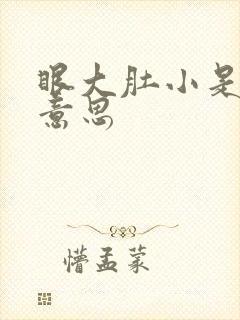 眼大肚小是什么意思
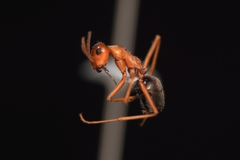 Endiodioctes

---

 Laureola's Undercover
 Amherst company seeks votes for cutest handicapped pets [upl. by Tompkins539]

---

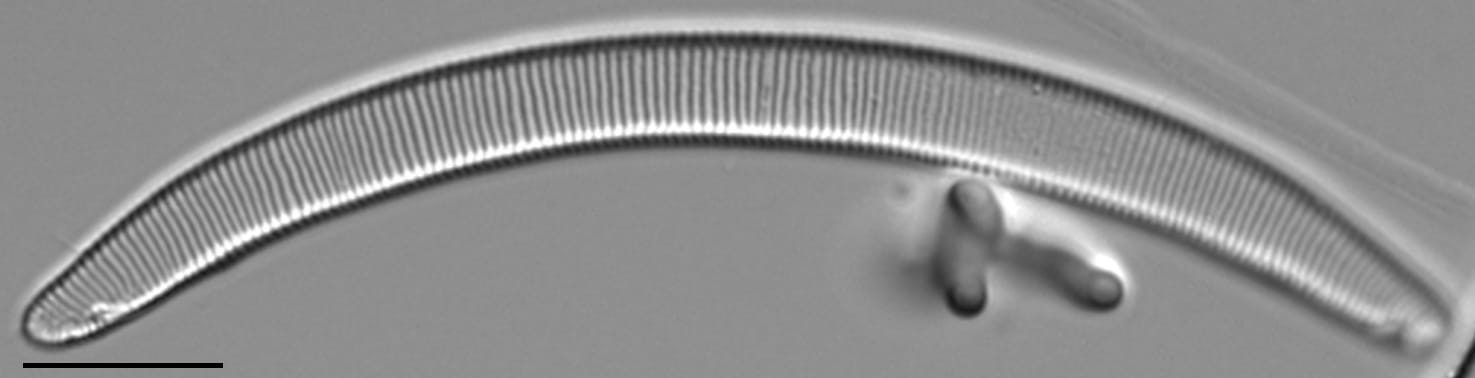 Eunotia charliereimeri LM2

» **Your task**: Given the records above, return exactly the lines starting at the line containing "Laureola's Undercover" and ending at the line containing "Amherst company seeks", including both.

» **Task response**:
 Laureola's Undercover
 Amherst company seeks votes for cutest handicapped pets [upl. by Tompkins539]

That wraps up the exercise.